Of course, to solve a bug, you first have to reproduce it. So one of the devs sat on his machine all day, playing poker while inspecting the network requests/responses and logs. He got to a point where he figured out that it was only the Ace of Diamonds that would disappear.
What was so special about the Ace of Diamonds that made it disappear? The network logs showed that the server was serving the response correctly. How the heck did it disappear? Clearly, the problem was not on the server. Even so, we decided to walk through the code again, debug it line-by-line just to ensure that the correct response was being served.
A couple of other people tried to replicate the issue. We found that it happened only on some of the boxes. Trying to narrow it down further, we tried different browsers. And that’s when we realized what was happening.
The Ace of Diamonds had an image file which was named ad.png
. The AdBlock browser extension decided that this was an advertisement and blocked the image.
To solve the problem, we simply renamed the file.
The slow Sudoku
Remember when Sudoku had become crazy popular around 8-10 years ago? I was in college at the time, and decided to build a Sudoku program for my project.
I built it in C++ using Qt for the GUI. I also came up with a rather crazy algorithm that used three-dimensional arrays instead of two-dimensional ones. (The third dimension was the model the small 3x3 minigrid).
Well, adding that extra complexity also added a lot of computational overhead, making my program very slow. Or so I thought.
After the program was complete, it took about 5-10 seconds to solve a puzzle on my home PC. But when I deployed it on the PC in my college, it took less than a second to solve it!
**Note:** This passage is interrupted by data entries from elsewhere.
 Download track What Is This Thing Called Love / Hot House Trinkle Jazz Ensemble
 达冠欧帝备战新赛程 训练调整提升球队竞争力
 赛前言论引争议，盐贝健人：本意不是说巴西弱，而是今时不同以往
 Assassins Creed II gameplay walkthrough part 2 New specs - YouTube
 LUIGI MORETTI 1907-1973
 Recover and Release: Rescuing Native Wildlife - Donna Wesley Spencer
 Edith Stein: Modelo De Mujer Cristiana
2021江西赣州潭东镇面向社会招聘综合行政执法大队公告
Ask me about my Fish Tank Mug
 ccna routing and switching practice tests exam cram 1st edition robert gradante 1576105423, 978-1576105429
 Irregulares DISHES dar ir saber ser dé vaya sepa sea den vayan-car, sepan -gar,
Now that didn’t make any sense. My home PC was much faster - it was a Pentium-4 with 1.6GHz, whereas my college PC was only a Pentium-3 800MHz. I also had more RAM and a better graphics card. It just didn’t make sense. This had to be solved!
Digging further, I started looking at log files and dmesg output on my home PC. I saw a strange message popping up whenever I ran my program: “CPU running in modulated clock mode”. I searched online for what it meant - apparently, my CPU was running too hot and the kernel was throttling the speed to keep it cool.
I popped open my cabinet and saw that my CPU fan wasn’t working. I replaced it, and my Sudoku became fast again!